Mais do que a dor execrável das pessoas que aí jazem, acaba por ser uma espécie de levantamento dos pecados que levam à danação, como a luxúria, a gula, a ganância ou a prodigalidade.
Acabei por não achar
assim tão interessante a leitura, porque a visão que temos do Inferno é
vivida como uma viagem exterior, não tanto experimentada como
lugar onde se pena e acontecem os sofrimentos e os mais diversos padecimentos, o lugar do
choro e dos rangeres de dentes. Apresentam-se-nos os ocupantes do Inferno, alguns com rosto e nome, gentes do poder e detentores de cargos civis ou religiosos. Mas à semelhança do que se passa com Gil Vicente, que escreveu bastante depois, é uma narrativa que não vai ao fundo das paixões humanas e apresenta-se como algo sarcástico e com algo de crítica social (não é tanto um tratado sobre a natureza humana, ou um tratado teológico).
Inferno
etimologicamente terá algo que ver com o lugar donde se não tem
regresso e a leitura deste livro pretendia ser uma espécie de roteiro por
aquilo que são os sofrimentos que não acabam, um beco sem saída. No Canto Terceiro diz-se "Por
mim entra-se na cidade dolente, por mim entra-se na dor infinita, por
mim entra-se na estância perdida (...) Antes de mim não foram criadas
senão coisas eternas, e eu eternamente duro. Deixai toda a esperança. A
vós que entrais!"
É curioso que o guia desta viagem é um poeta, Virgílio. A arte obriga a um confronto nosso com os nossos demónios interiores, há sempre uma luta que nos obriga a confrontar-nos. Um poeta, um escritor tem que conhecer bem o coração humano, com as suas partes luminosas e os seus vales tenebrosos.
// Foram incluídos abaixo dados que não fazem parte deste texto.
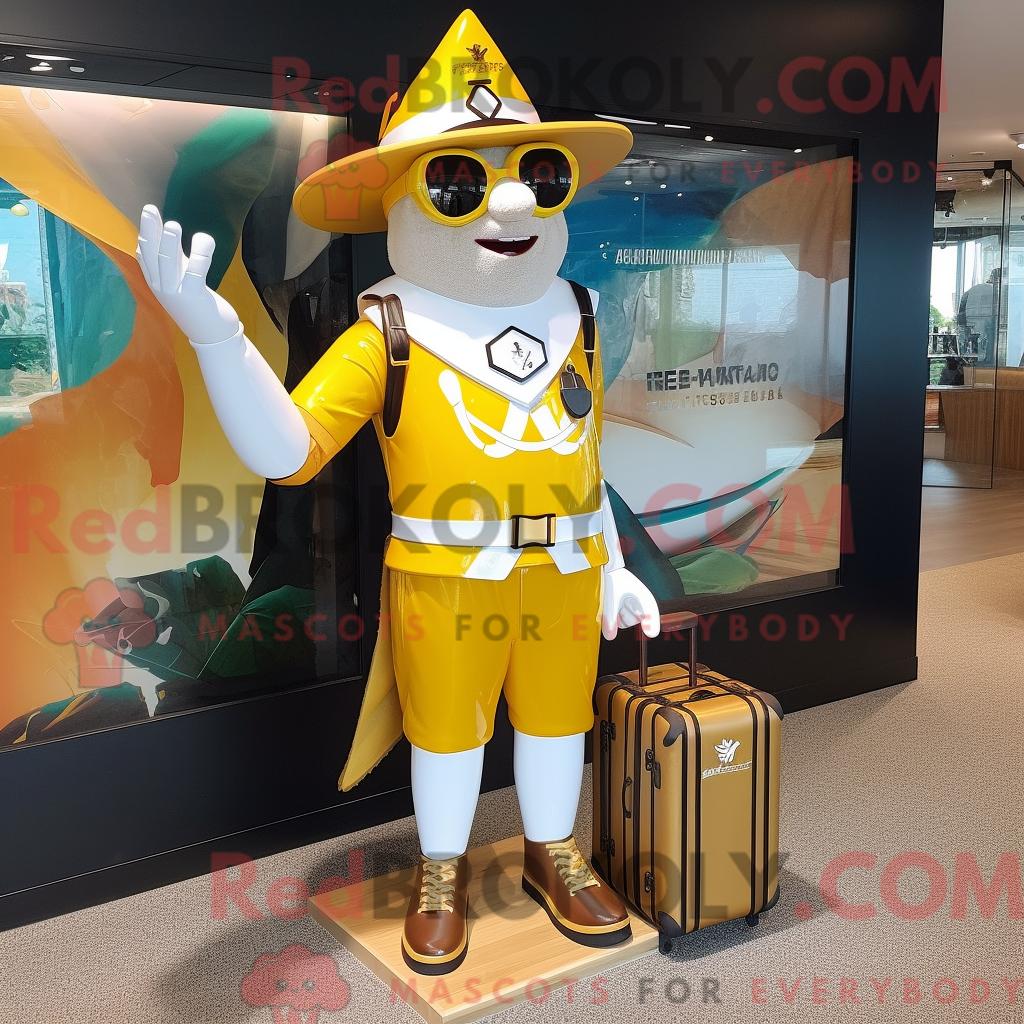 Maskottchen REDBROKOLY eines Goldring-Masters mit Boardshorts und Messengerbag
Também sobre a luta do bem e do mal, esta última semana vi um filme que gostei bastante, das Crónicas de Nárnia de C.S. Lewis, "A Viagem do Caminheiro da Alvorada" (https://www.youtube.com/watch?v=Ig_8d0e32tg).
Aprecio muito esta fábula, onde Aslan aparece sob as vestes de leão, na sua voz serena e lúcida. Deus é a serenidade e lucidez (tem que ver com luz). Em C.S. Lewis a coragem é alçada a virtude primeira, aquela que viabiliza as outras. Os jovens estão apostados na batalha do bem contra o mal, mas todos eles combatem os seus "diabinhos" interiores, o que permite potenciar a já de si rica imaginação do autor ao criar um mundo à parte. Neste sentido, é uma história contemporânea, apesar dos dragões e das gárgulas à imagem do mundo medieval de Dante.
Assim podemos estabelecer o paralelo da "Viagem do Caminheiro da Alvorada" com os tempos modernos do tempo de "Pleasentville" e da "Divida Comédia" com o mundo mais a preto e branco dos anos 50...
A Divina Comédia dá-nos o fundo da história e foi seminal no traçar das grandes coordenadas mentais do Mundo Ocidental. Por isso a sua riqueza. E quero ver como o Pe. Mário Garcia nos convidará a rezar a partir dela (proposta que os Jesuítas farão no início de Junho no Rodízio).